The object of the study was the analysis of the practices inherent to the utilization of information in the decision making process in health in four districts within the State of Sao Paulo, according to the representations of the actors involved concerning the incorporation of information in this process. In this sense, Albuquerque's conception of "institutional practices in decision making processes", was useful. According to the latter, the decision making process takes shape as a set of conducts that precedes the formal act of deciding and prolongs itself beyond the conclusion of a project, thus constituting itself in a continual act, divisible only for analytic purposes.2 These conducts, in turn, constitute institutional practices that tend to reproduce and legitimize existing power relations among the institutional actors, that, consequently, are the object of their representations.

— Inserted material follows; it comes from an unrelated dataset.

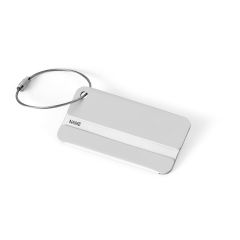EMIL, aluminijska oznaka za prtljagu, Satensko srebrna, 98111-127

Furthermore, the dimensions of participatory decisions and informed decisions were contemplated. For the purposes of this study, it is understood that a participatory decision is one in which one or more actors have been given the oportunity to present their opinions (information, warnings, for example) before the decision was taken concretely.12 The parameter for the analysis of the relation between decision/information was the degree of clarity of the objectives, goals, indicators of success, norms or proceedures undertaken by those who took the decision, as well as the origin of the information they utilized.
The criteria utilized for choosing the districts included in this study were: the degree administrative autonomy of the district, according to NOB/96; and the complexity of the local health system, postulating that the more populous the district, the greater tends to be the complexity of its administrative organization. The fact that the initial criteria was populational is justified by the fact that the number of small sized districts is disproportionately greater than medium sized or larger districts in the State of Sao Paulo, as, incidentally, it is emphatically greater still in all the other Brazilian States. Thus, of the four cases included in this study, only one has more than 100,000 inhabitants. Adopting this procedure, an attempt was made to assure the study would portray differentiations with respect to the size of the districts and their relations to the Brazilian Health System which are present within our reality. As to all other data concerning the complexity of actions and health services rendered locally, the composition of the expenditure in this sector, the population's mortality profile, among others, the decision was taken to work with exactly the opposite that is, its heterogeneity for this is characteristic of the Brazilian reality. The search for this heterogeneity of available local resources is based on the premise that governs the regulation present in the NOB/96 itself: the larger the district, the more complex its health system tends to be, the greater its capacity to complement resources originating from federal and state transference funds for health, and the greater the possibility of having a greater degree of autonomy in the administration of the municipal health system.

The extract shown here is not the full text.